As the answer, return precisely the lines from the one containing "Geometric Blocks, Blue" to the final line of the material below, inclusive, and omit every picture.
BEGIN Provided records
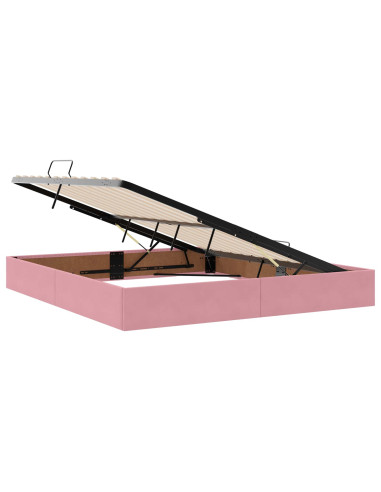 Letto con contenitore LED e materasso Rosa 180 x 200 cm Velluto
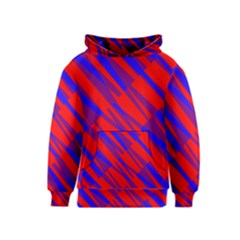 Geometric Blocks, Blue And Red Triangles, Abstract Pattern Kids  Pullover Hoodie by Casemiro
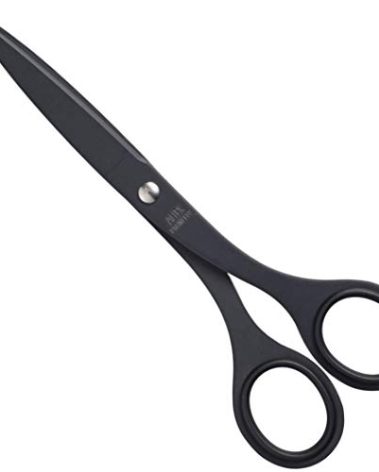 ALLEX Black Scissors for Office 6.5" All Metal Japanese Stainless Steel, Non Stick Coated Blade, Black, Made in JAPAN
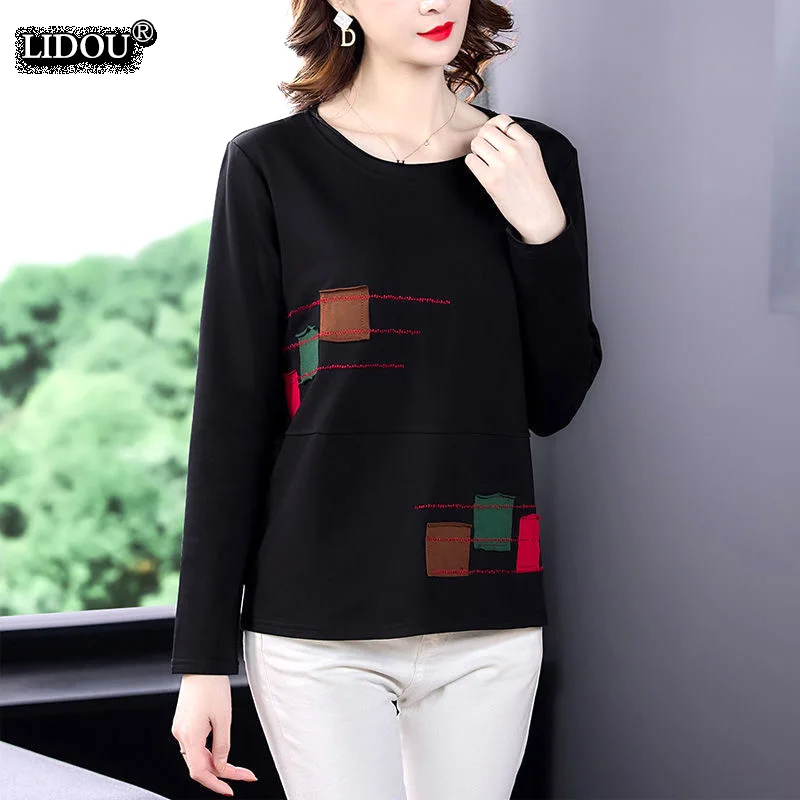 Elegant Casual O-neck Solid Color Long Sleeved Slim T-shirts Fashion Spring Autumn New Comfortable Cotton Print Women\'s Clothing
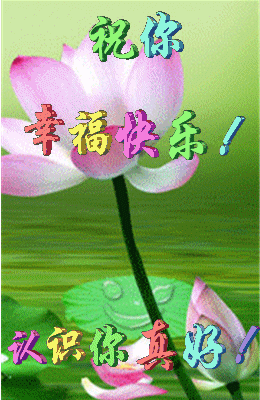 文字 动图 荷花 祝你幸福快乐认识你真好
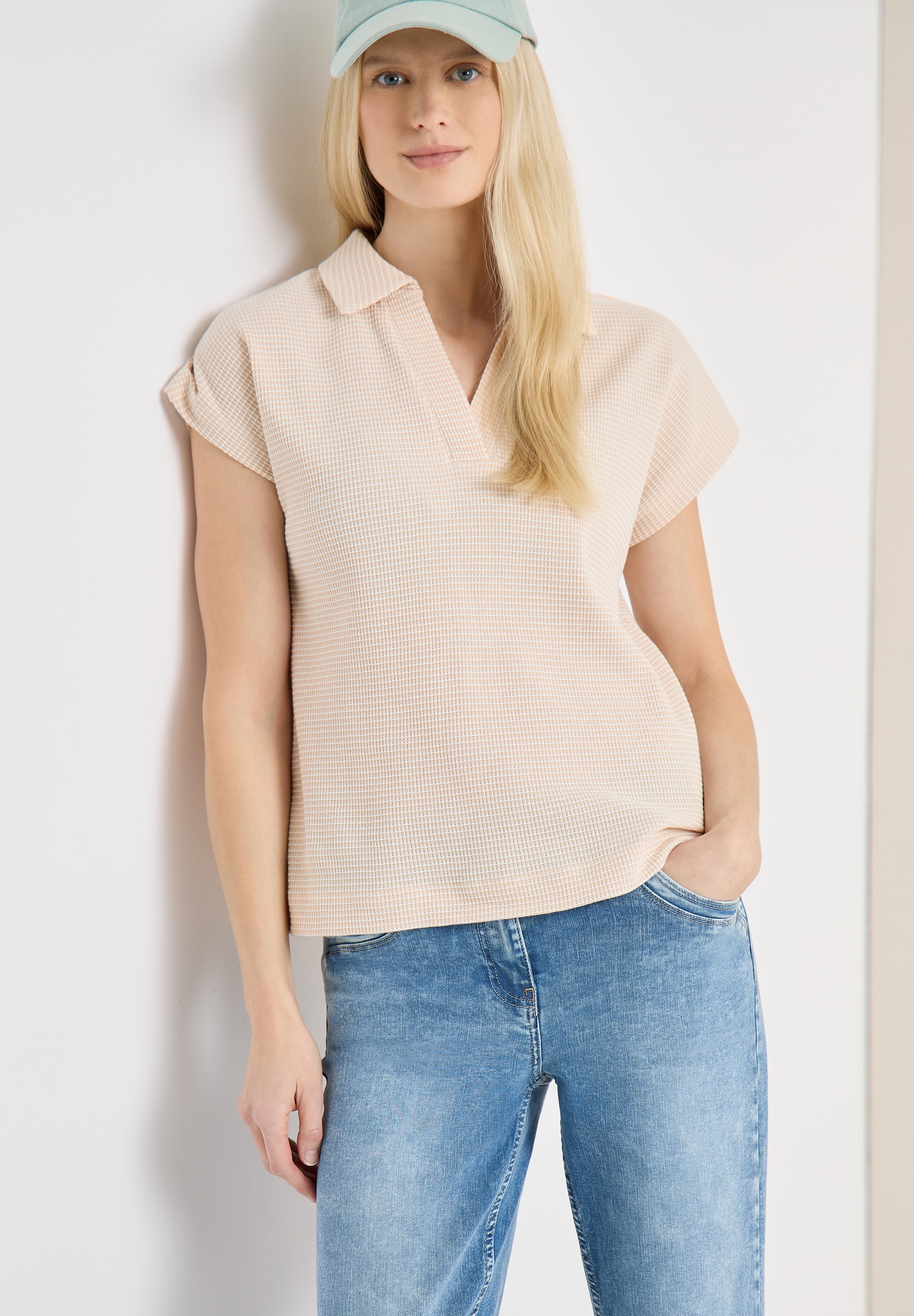 Cecil T-Shirt Sommershirt mit Struktur im Two-Tone-Look und mit Polokragen günstig online kaufen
END Provided records
Written solution =
 Geometric Blocks, Blue And Red Triangles, Abstract Pattern Kids  Pullover Hoodie by Casemiro
 ALLEX Black Scissors for Office 6.5" All Metal Japanese Stainless Steel, Non Stick Coated Blade, Black, Made in JAPAN
 Elegant Casual O-neck Solid Color Long Sleeved Slim T-shirts Fashion Spring Autumn New Comfortable Cotton Print Women\'s Clothing
 文字 动图 荷花 祝你幸福快乐认识你真好
 Cecil T-Shirt Sommershirt mit Struktur im Two-Tone-Look und mit Polokragen günstig online kaufen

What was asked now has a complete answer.